Warl0k3@lemmy.world 16 hours ago
It’s possible there are multiple influences at play here. I’m certainly not disagreeing with you, I’m also of the opinion that baseball is deeply uninteresting to watch. I can understand how someone could be into it (much as with any other hobby), I just personally find it only marginally less dull than a seminar on comparative accounting practices (read: a great deal less dull than cricket).
I think a big part of it is the diversity of entertainment. If your interests don’t align with what baseball offers, it’s no longer a problem to find something else to occupy your time with. You’re not trapped into a paradigm with five or six sports to choose from, each with a limited season, and many of these new ones you can also engage with (gaming, drone racing, CTFs, competitive nerf battles, etc.) which gives you an appreciation for the game that is missing from most professional sports. Basketball and Football both are still quite popular with the younger generations, and both are physically very integrated into american culture. Streetball is about the most accessible sport out there, and every school in the country has a football field (and you can play touch or flag football games in any park)

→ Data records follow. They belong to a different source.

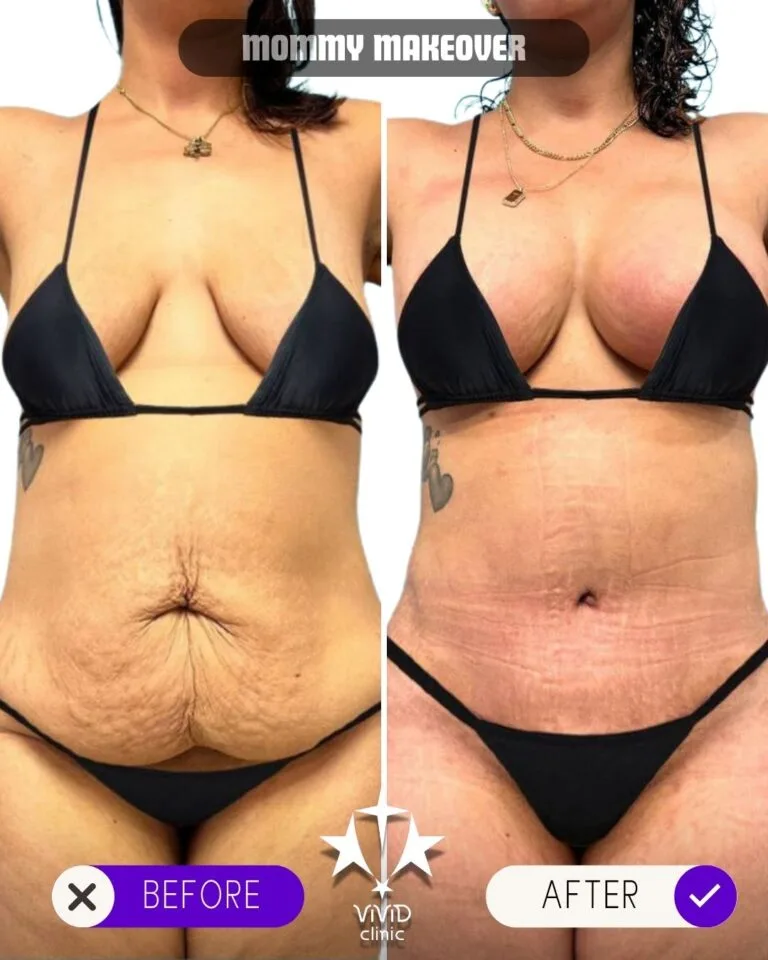 Vorher- und Nachher-Ergebnisse des Ganzkörper-Mommy-Makeovers in der Vivid Clinic in Istanbul
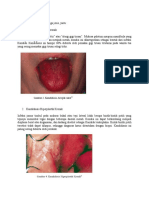 Jenis Kandidiasis Kronik Mulut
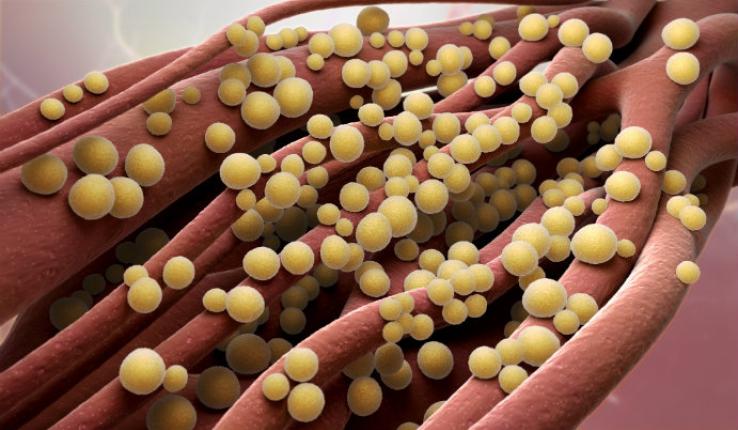 Representation of Staphylococcus aureus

I suspect it’s the same reason non-american Football (soccer) has maintained such popularity: there is almost no barrier to engagement, even at a non-professional level (you just need a ball and a couple piles of sweatshirts) and more formal infrastructure for it is incredibly common to find. Whereas baseball, tennis, jai alai, golf etc. are all unsafe to play in a public setting where there’s a risk of an unaware bystander getting beaned by a small hard ball going 200mph, and require safety equipment that raises the barrier to entry by quite a bit (nets, mainly). They still have traction, but if you’re a kid in a shitty suburb or poor town, you’re far more likely to be able to play soccer/football/basketball than you are baseball, and will be able to relate more intimately with those games when watching them played.
(And that’s not to mention esports)
When we’ve got so many choices and so little time to ourselves, why spend it on something we have to compromise our way into enjoying?